All of the data needs to be reproduced with no alterations.

§ Stored items from a collection
-=-=-

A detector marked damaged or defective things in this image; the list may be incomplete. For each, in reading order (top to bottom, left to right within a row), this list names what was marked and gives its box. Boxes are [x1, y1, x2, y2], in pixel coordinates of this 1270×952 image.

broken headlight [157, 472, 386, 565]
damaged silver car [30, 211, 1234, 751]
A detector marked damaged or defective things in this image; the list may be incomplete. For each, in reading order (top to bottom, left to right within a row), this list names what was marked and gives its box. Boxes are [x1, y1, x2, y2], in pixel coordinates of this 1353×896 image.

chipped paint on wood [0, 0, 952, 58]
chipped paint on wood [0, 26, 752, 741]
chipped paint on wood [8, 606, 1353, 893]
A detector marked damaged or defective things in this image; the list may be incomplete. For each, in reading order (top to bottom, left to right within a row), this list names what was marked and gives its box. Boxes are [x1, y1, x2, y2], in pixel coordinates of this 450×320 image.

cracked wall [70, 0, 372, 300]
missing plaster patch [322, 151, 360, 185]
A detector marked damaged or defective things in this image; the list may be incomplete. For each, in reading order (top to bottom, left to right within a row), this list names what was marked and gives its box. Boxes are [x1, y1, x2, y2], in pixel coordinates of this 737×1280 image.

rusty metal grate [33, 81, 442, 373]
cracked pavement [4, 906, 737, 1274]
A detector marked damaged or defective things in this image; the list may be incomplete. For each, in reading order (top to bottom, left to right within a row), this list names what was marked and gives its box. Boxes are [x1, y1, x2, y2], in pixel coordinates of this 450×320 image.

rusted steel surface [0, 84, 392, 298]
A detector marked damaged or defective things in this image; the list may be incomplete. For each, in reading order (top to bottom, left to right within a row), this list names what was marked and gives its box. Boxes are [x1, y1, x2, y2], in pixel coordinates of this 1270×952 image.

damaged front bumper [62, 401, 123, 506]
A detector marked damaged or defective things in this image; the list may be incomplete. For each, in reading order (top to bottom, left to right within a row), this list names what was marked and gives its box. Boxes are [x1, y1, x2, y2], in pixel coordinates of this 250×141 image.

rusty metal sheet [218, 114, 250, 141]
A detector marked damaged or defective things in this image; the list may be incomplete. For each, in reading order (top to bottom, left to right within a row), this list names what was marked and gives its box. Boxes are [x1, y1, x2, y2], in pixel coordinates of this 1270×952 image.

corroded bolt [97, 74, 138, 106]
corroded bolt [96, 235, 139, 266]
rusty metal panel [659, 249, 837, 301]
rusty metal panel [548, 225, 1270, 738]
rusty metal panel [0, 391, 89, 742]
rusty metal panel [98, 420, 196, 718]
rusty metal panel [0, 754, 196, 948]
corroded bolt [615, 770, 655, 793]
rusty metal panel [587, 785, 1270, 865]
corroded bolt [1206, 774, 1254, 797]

-=-=-

§ Solution
A detector marked damaged or defective things in this image; the list may be incomplete. For each, in reading order (top to bottom, left to right within a row), this list names what was marked and gives its box. Boxes are [x1, y1, x2, y2], in pixel coordinates of this 1270×952 image.

broken headlight [157, 472, 386, 565]
damaged silver car [30, 211, 1234, 751]
A detector marked damaged or defective things in this image; the list may be incomplete. For each, in reading order (top to bottom, left to right within a row), this list names what was marked and gives its box. Boxes are [x1, y1, x2, y2], in pixel coordinates of this 1353×896 image.

chipped paint on wood [0, 0, 952, 58]
chipped paint on wood [0, 26, 752, 741]
chipped paint on wood [8, 606, 1353, 893]
A detector marked damaged or defective things in this image; the list may be incomplete. For each, in reading order (top to bottom, left to right within a row), this list names what was marked and gives its box. Boxes are [x1, y1, x2, y2], in pixel coordinates of this 450×320 image.

cracked wall [70, 0, 372, 300]
missing plaster patch [322, 151, 360, 185]
A detector marked damaged or defective things in this image; the list may be incomplete. For each, in reading order (top to bottom, left to right within a row), this list names what was marked and gives its box. Boxes are [x1, y1, x2, y2], in pixel coordinates of this 737×1280 image.

rusty metal grate [33, 81, 442, 373]
cracked pavement [4, 906, 737, 1274]
A detector marked damaged or defective things in this image; the list may be incomplete. For each, in reading order (top to bottom, left to right within a row), this list names what was marked and gives its box. Boxes are [x1, y1, x2, y2], in pixel coordinates of this 450×320 image.

rusted steel surface [0, 84, 392, 298]
A detector marked damaged or defective things in this image; the list may be incomplete. For each, in reading order (top to bottom, left to right within a row), this list names what was marked and gives its box. Boxes are [x1, y1, x2, y2], in pixel coordinates of this 1270×952 image.

damaged front bumper [62, 401, 123, 506]
A detector marked damaged or defective things in this image; the list may be incomplete. For each, in reading order (top to bottom, left to right within a row), this list names what was marked and gives its box. Boxes are [x1, y1, x2, y2], in pixel coordinates of this 250×141 image.

rusty metal sheet [218, 114, 250, 141]
A detector marked damaged or defective things in this image; the list may be incomplete. For each, in reading order (top to bottom, left to right within a row), this list names what was marked and gives its box. Boxes are [x1, y1, x2, y2], in pixel coordinates of this 1270×952 image.

corroded bolt [97, 74, 138, 106]
corroded bolt [96, 235, 139, 266]
rusty metal panel [659, 249, 837, 301]
rusty metal panel [548, 225, 1270, 738]
rusty metal panel [0, 391, 89, 742]
rusty metal panel [98, 420, 196, 718]
rusty metal panel [0, 754, 196, 948]
corroded bolt [615, 770, 655, 793]
rusty metal panel [587, 785, 1270, 865]
corroded bolt [1206, 774, 1254, 797]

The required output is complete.